It was a gorgeous evening in LA on June 25, 2010. Not too hot, a slight breeze and excitement in the air. This was NHL draft day, and it was the first time the Kings were hosting the two-day event.
The Rangers brass was excited too, looking forward to this draft, particularly. They had the tenth overall pick in the draft– the only upside to the team finishing the regular season with a record of 38-33-11–and they were pretty sure that they were going to be able to get their man. They knew that Dallas wanted him too, but the Stars were picking behind the Rangers, so New York was golden.
Their man was defenseman, Dylan McIlrath–the 6’4″, 210 pound, Winnipeg native. He was only ranked 17th among North American skaters in the final 2010 NHL Central Scouting rankings (up from 27th at mid-term), but he was nothing like any other prospect in the Rangers organization. The scouting report on McIlrath was that he was big and tough, delivered big hits, and could clear the front of the net. And he did very well at interview portion of the Combine in Toronto–he was a character kid.
During the season before the draft, McIlrath had carried a plus 20 rating for the Moose Jaw Warriors, and had been voted the most improved player on the team for the second straight year. And at the CHL Top Prospects Game, he finished second in the hardest shot event–slapping the puck at 91.8 miles per hour.

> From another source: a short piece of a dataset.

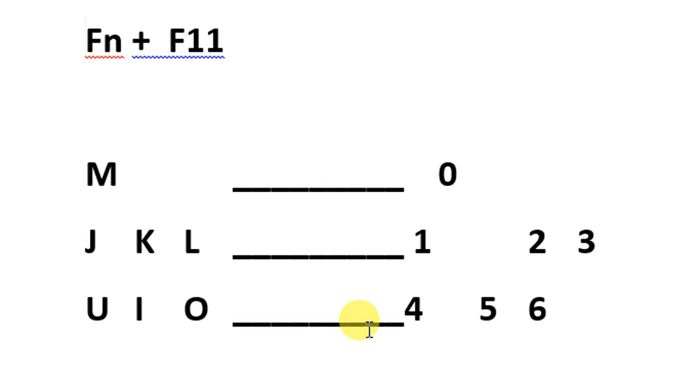So this is how you will be able to type the division symbol on your keyboard. If this video helps you in any way, please subscribe to my channel and hit the like button. Thanks for watching, thanks for your time, goodbye.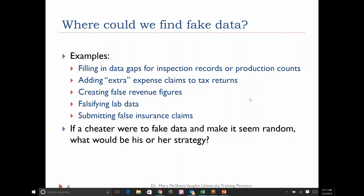Where could we encounter some fake data? Think about all the different data we look at. Some examples would be filling in data gaps for inspection records or production counts — some unscrupulous person wanting to fill that in — or adding extra expense claims to someone's tax returns. Of course we would never do this, but this is the kind of thing they have to find: whether data is fake or not, creating false revenue figures. Bernie Madoff did that, Enron did that, falsifying lab data, or submitting false insurance claims.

At the time, Gordie Clark, Rangers Director of Player Personnel, said of McIlrath, “He understands defense, protects the front of the net, and uses his reach and mobility to his advantage. His size and strength are impressive. Opposing players will not like playing against him.”

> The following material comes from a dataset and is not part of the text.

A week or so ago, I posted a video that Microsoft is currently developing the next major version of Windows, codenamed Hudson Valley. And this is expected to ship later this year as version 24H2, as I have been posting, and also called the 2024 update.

The picture taken on the stage that night shows McIlrath towering over Clark and Jeff Gorton, who was at that time Assistant Director for Player Personnel. With Dylan’s arms around both of them, it probably was the happiest moment that the young defenseman and the Rangers shared in the six years that McIlrath has been with the organization.
So what happened? How did McIlrath go from being the darling of the organization to being exposed on waivers yesterday? And why did the team choose to waive McIlrath rather than put Josh Jooris (who will be out 3-4 weeks with a shoulder separation) on IR?
First, lets state clearly that the Rangers have tried to trade McIlrath and could not get anything back that was worthwhile. And believe me when I say that the powers that be were pretty sure that he was not going to be claimed by another team before noon today.
But make no mistake about it, although Head Coach Alain Vigneault was talking today about certain skills that the big defenseman still needed to improve, it is clear that McIlrath’s future is not here in New York. What value McIlrath does have, though, is on the other side of waivers–especially as part of a bigger trade.
It is no secret that the Rangers are in on the negotiations with Winnipeg for Jacob Trouba–who is himself a right-handed defenseman. And it also is no secret that the Jets are looking for a left-handed young defenseman in return. The Rangers have two possible defensemen (Brady Skjei and Ryan Graves) that are likely of interest to the Jets. But that would not be enough in a deal for Trouba. Maybe McIlrath is a piece of this trade (a minor piece). There is one more piece that would have to be included, because, the current three million that the Rangers have in cap space will not be enough to sign Trouba. And because Winnipeg would want more. Its not clear right now who that would be, but the Rangers are probably short about $2 million in cap space to make this deal.
But going back to McIlrath, it is unfortunate what happened between him and the Rangers.
Its not for lack of trying on either side. McIlrath is charming and has good character. And he works hard. But he just cannot move the puck in a way that will make him effective on the current Rangers team. The Rangers tried too. They worked with Dylan–they signed him early to give him confidence, he was named captain of the Traverse City team of prospects in 2011, and then took McIlrath to Europe with the Rangers to start the NHL season that fall.
But success is not just based on the player and the team’s efforts. The sad reality is that Dylan was injured at a critical time, and then the game changed around him. In Development Camp during the summer of 2012, he tore up his knee in a collision with forward Kyle Jean. Surgery followed and McIlrath was out for most of the 2012-13 season. It went from bad to worse, when the Rangers decided to fire Head Coach John Tortorella in the Spring of 2013. Tortorella really liked toughness, but Vigneault preferred more of a skill game, than having a lunch-pail team. And the truth was, the whole game was changing. There was less use for big, tough guys who were not good puck movers.
So, McIlrath then spent two years in the AHL and last season he sat on the Rangers bench for most of the year. He eventually played in 34 games, and was adequate, at best.
This year, there looked to be room for Dylan on the NHL roster. With two right-handed defensemen ahead of him, he could possibly have been the third-pairing right-side guy. But he just did not impress enough. So, McIlrath was the eighth defenseman, and except for one game, he was not playing at all.
Despite our assessment that McIlrath is a borderline NHL defenseman, he might be able to be a serviceable third-pairing or seventh defenseman on some other team in the league. And that is what makes the Rangers move with McIlrath over the last two days so interesting. So despite fan concerns otherwise, this move was not asset mismanagement. Waiving McIlrath was exactly the opposite. Dylan will be moving shortly. The question is where?